Lönnrot made several trips to eastern parts of Finland, which at that time was still an autonomic part of the Russian empire, and made notes of poems performed by several singers, the best of whom could remember thousands of lines. Lönnrot then organized and edited the material to achieve a unified body of poetry after the model of Homer's "The Iliad" and "The Odyssey" and the Scandinavian "Edda" poems. So, in that sense Kalevala is the composition of a single man.
Lönnrot expanded and re-edited the poems, and in 1849 New Kalevala was published, comprising fifty stanzas and almost 23,000 lines, telling of heroes of the olden days, their journeys and a version of the creation of the world.
The central character and the hero of the Kalevala is Väinämöinen, a singer, shaman and sorcerer, who can sing and play his harp-like instrument kantele so beautifully that even the wild beasts come to listen to it. Väinämöinen can also use his words as weapons. He can for instance put a spell on his opponent so that he sinks up to his neck into a swamp.
The central epic is that of Sampo, a mysterious object that is forged by Väinämöinen's brother, blacksmith Ilmarinen, and brings wealth and prosperity to its owner.

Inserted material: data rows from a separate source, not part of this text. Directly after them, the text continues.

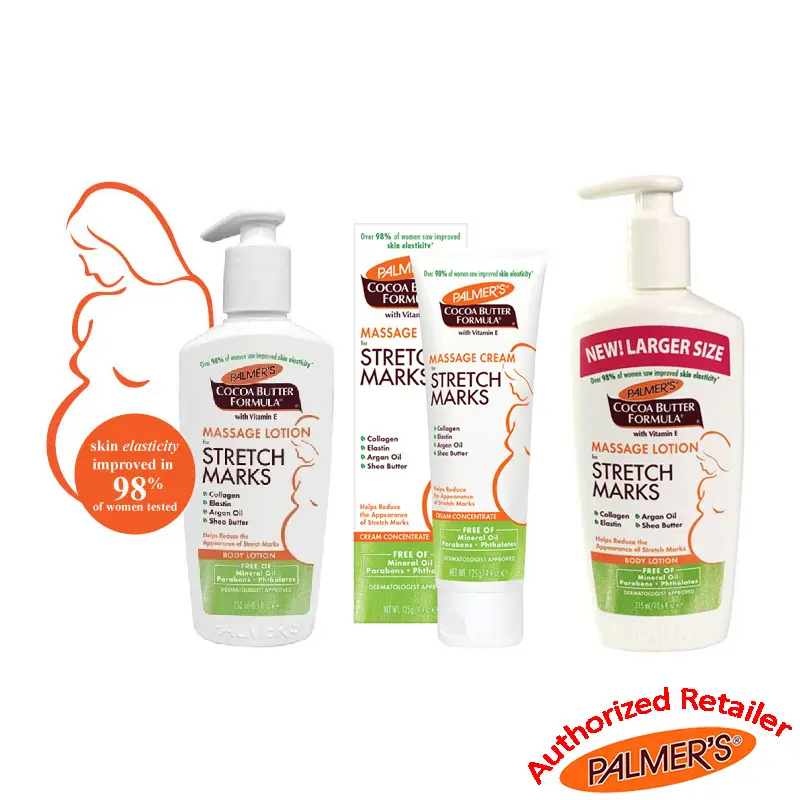 Palmer's Cocoa Butter Formula Massage Cream/ Lotion for Stretch Marks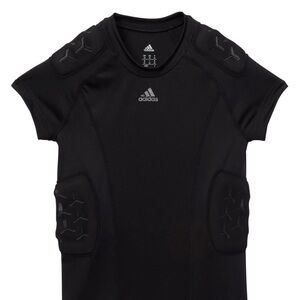 Adidas Youth Integrated Football Shirt NWOT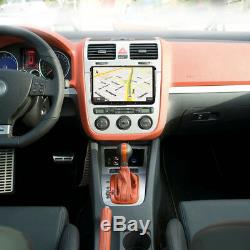 9Android 8.1 Touchscreen Autoradio DAB+ GPS Navigation VW Golf Mk5 Mk6 T5.1 T28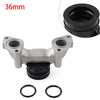 Honda CMX250 Rebel 250 36mm Carburetor Intake Boot (1985-1987)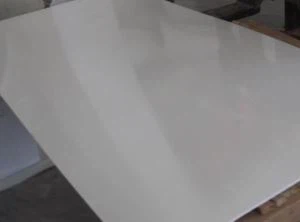 ABS Sheet No Odor Surface Gloss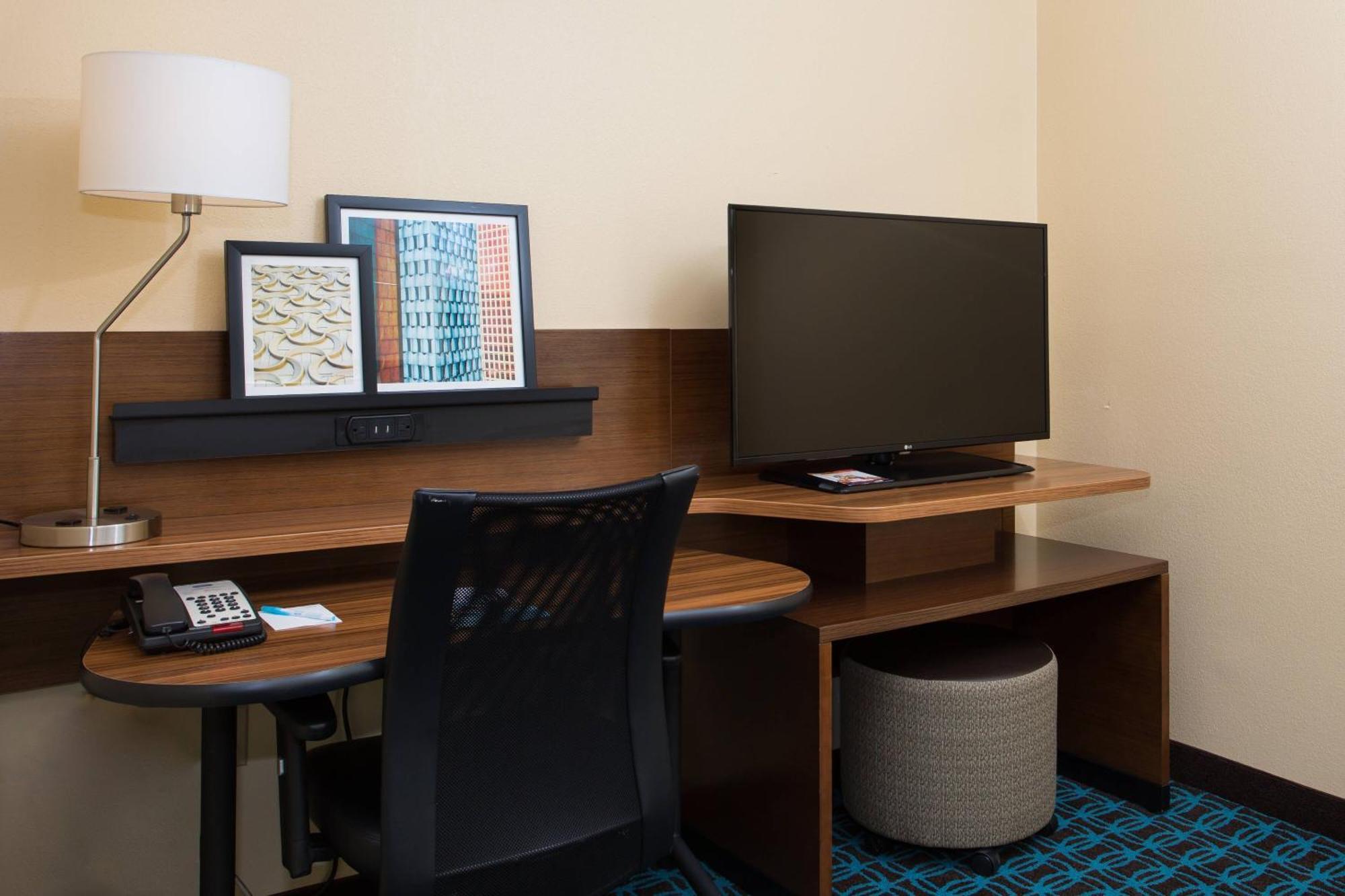 Fairfield By Marriott Inn & Suites Raynham Middleborough/Plymouth Exterior foto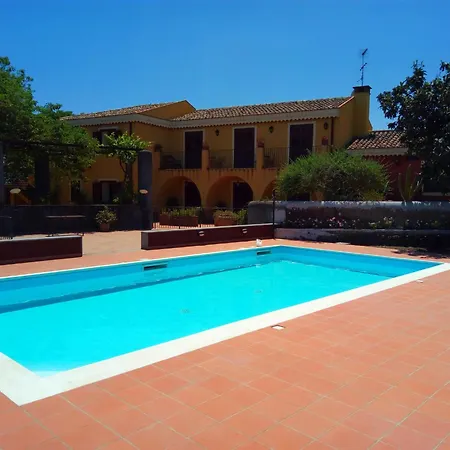Farm stay La Terra Del Mezzo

It is not told explicitly what Sampo actually is, but one quite common concept is that it is a kind of a magic mill that can produce salt, grain and gold. It certainly is a treasure Scrooge would like to have, as Don Rosa has realized.

When Kalevala was published, it had a huge impact on Finnish culture and the strengthening of national identity (resulting finally in the Finnish independence in 1917). The national romantic movement in Europe emphasized the importance of national language and folk poetry, and the Kalevala served as an invaluable source of inspiration to numerous Finnish novelists and poets, as well as composers like Jean Sibelius and painters like Akseli Gallén-Kallela. Even nowadays Kalevala's influence can be seen in everyday life in the names of people, companies, streets, city districts, and different products.

Kalevala has been translated into 51 languages. The first translation of the New Kalevala was into German in 1852. As an interesting side note, Kalevala is indirectly present in one of Carl Barks' stories, too. In "Land of the Pygmy Indians" (US 18) he wrote the Peeweegah Indians' speech in pentametre that was borrowed from Henry Wadsworth Longfellow's epic "The Song of Hiawatha." Longfellow had originally borrowed the metre from Kalevala's German translation.

In 1999 Don Rosa decided to combine the two cornerstones of Finnish culture, Kalevala and Donald Duck, as a special treat for the Finnish Duck fans. In his introduction to the hardcover book he anticipated that it would be a huge success. And a success it was: the Kalevala Duck story was headline news. Rosa was interviewed in the news broadcasts of every major TV channel, and over a hundred newspapers and magazines published big articles on the story. Don Rosa toured in Finland's three biggest cities, giving interviews for the media and autographs in the bookstores. Don became a genuine celebrity who was recognized on the streets, in taxis and restaurants. Don Rosa became almost a household name, the best known comics artist in Finland, along with Carl Barks.